# HOW TO COMPLETE THIS TASK
Quote all entries exactly, leaving pictures aside.

-------- EXTRACTED MATERIAL --------

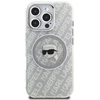 „Karl Lagerfeld IML“ „Karl Head“ logotipo „MagSafe“ dėklas, skirtas „iPhone 16 Pro“ – pilkas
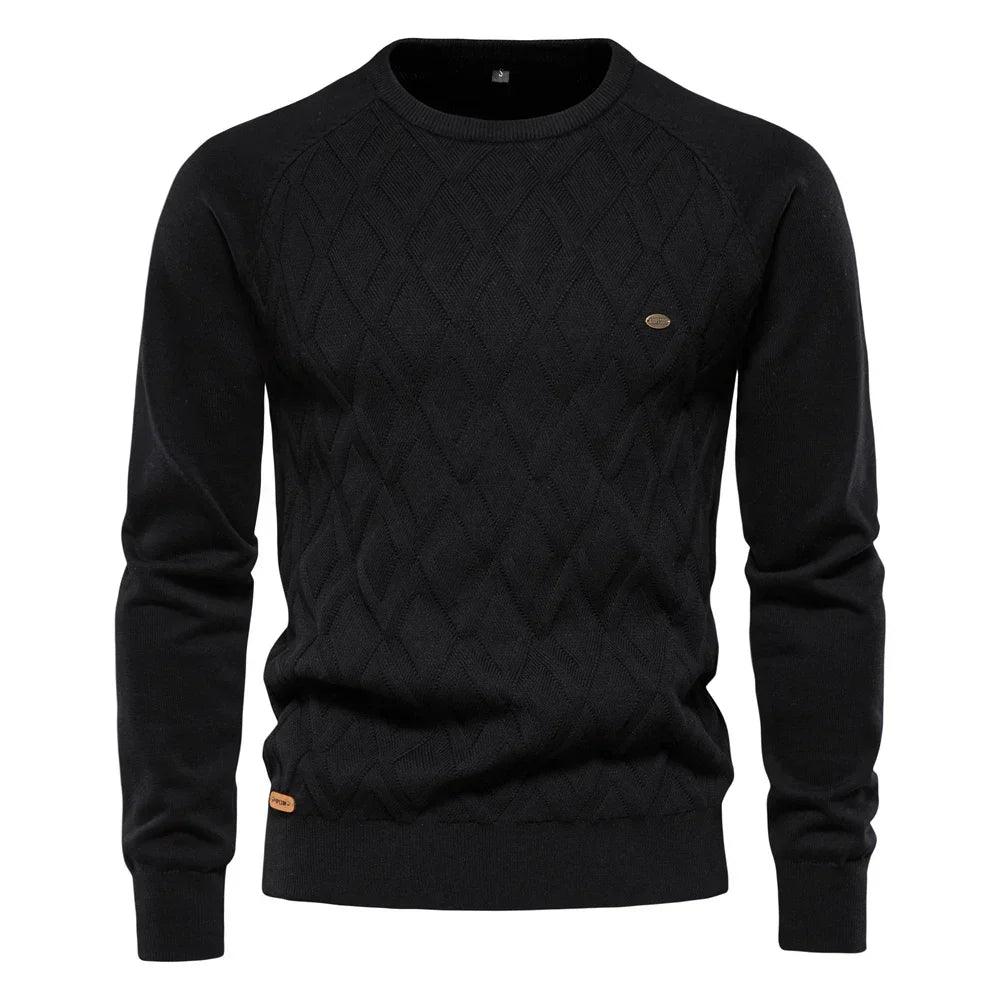 Göran™ | Herrtröja Med Rutdesign - Milafashion-se.com
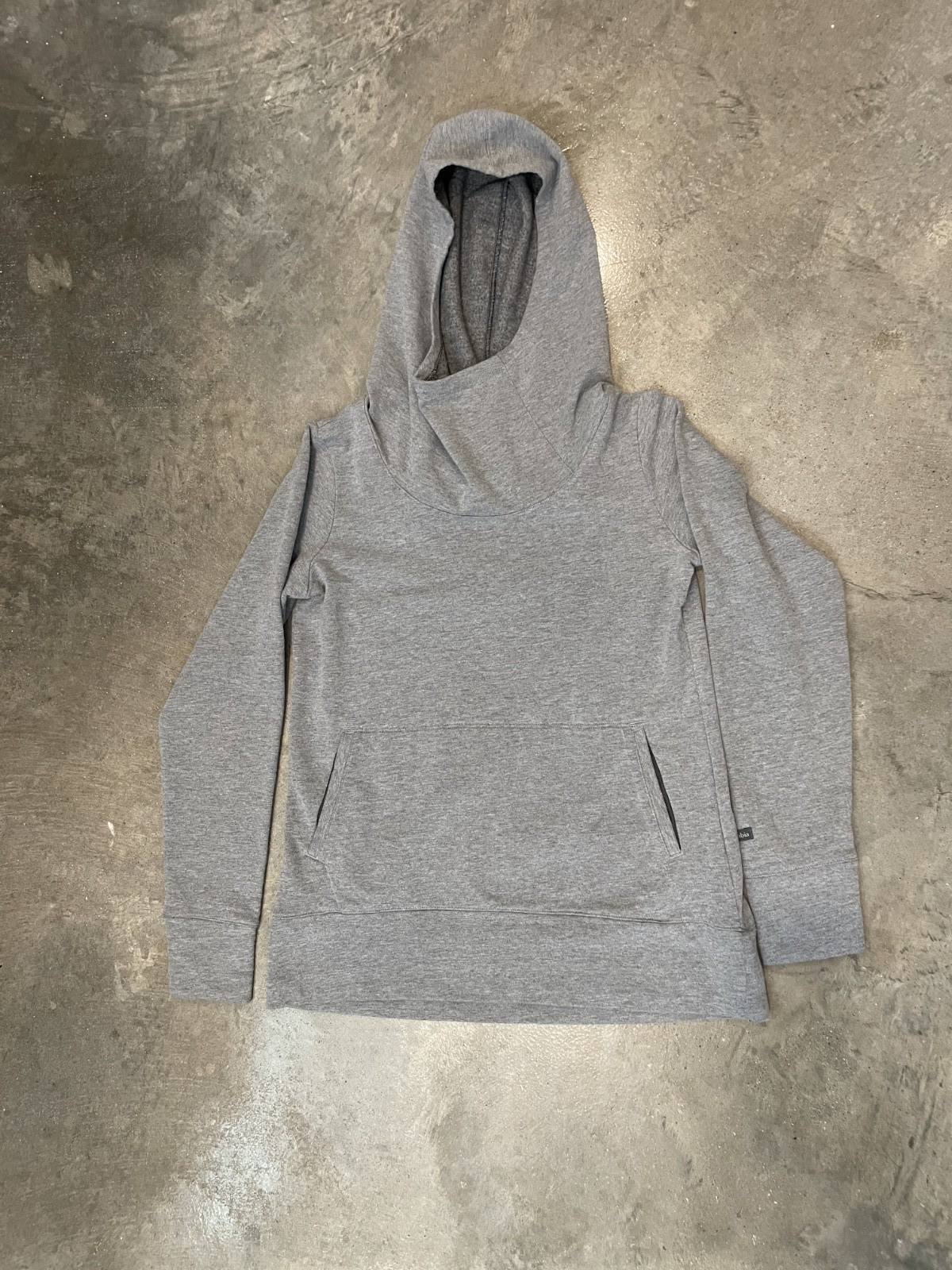 Columbia Hoodie Women XS Gray Lightweight Fleece Knit Mock Neck Casual Layering thumbnail 5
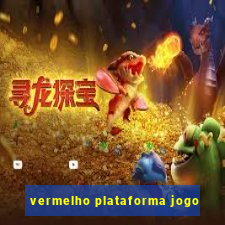 vermelho plataforma jogo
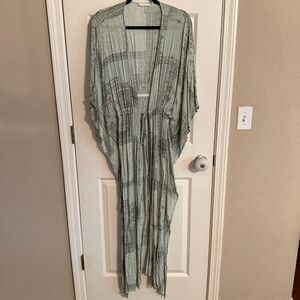 Lush Sage Green Patterned Fabric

--------

# ANSWER SPACE
 „Karl Lagerfeld IML“ „Karl Head“ logotipo „MagSafe“ dėklas, skirtas „iPhone 16 Pro“ – pilkas
 Göran™ | Herrtröja Med Rutdesign - Milafashion-se.com
 Columbia Hoodie Women XS Gray Lightweight Fleece Knit Mock Neck Casual Layering thumbnail 5
 vermelho plataforma jogo
 Lush Sage Green Patterned Fabric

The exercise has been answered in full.